The German Parliament had adopted the three per cent threshold in June 2013 following a ruling by the Federal Constitutional Court in November 2011, which had stipulated to abandon the clause of five per cent existing in Germany at the time. The banning of the threshold means a success for Democracy International’s partner organisation, “Mehr Demokratie”, which had lodged a constitutional complaint against the three per cent clause with 1099 German citizens.
„Equal representation of every single, valid vote is the core principle of democracy. Therefore we are delighted to learn about today’s decision by Germany’s top constitutional court to ban the election threshold ahead of the next European elections. It means that citizens’ votes for smaller political parties will be fully respected instead of being swept under the carpet”, states Gerald Häfner, chairperson of Democracy International.
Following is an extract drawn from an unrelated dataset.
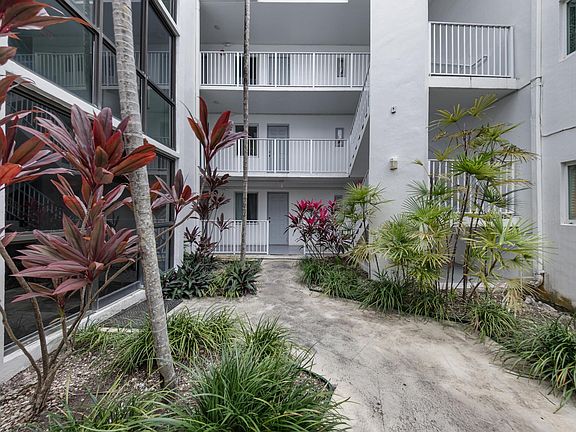 5th image of 9971 W Bay Harbor Dr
The election threshold is the minimum share of the vote that a political party requires in order to be represented in a parliament. Proponents of the threshold argue the European Parliament would lose its capacity to act if every political party was represented. However, more than 160 political parties are already in the European Parliament today. An increase of the amount of political parties in the European Parliament would not have a huge effect as they gather in “political groups” anyway.
“Democracy International works towards a fair, transparent and democratic European electoral law with trans-European lists and without any kind of threshold. We therefore welcome today's decision and congratulate our partner organisation Mehr Demokratie for their successful constitutional complaint”, so Gerald Häfner on behalf of Democracy International, which unites democracy activists from around the world.
NB: This press release was picked up by Bloomberg News, Reuters and other media in Germany, Turkey, US and the UK.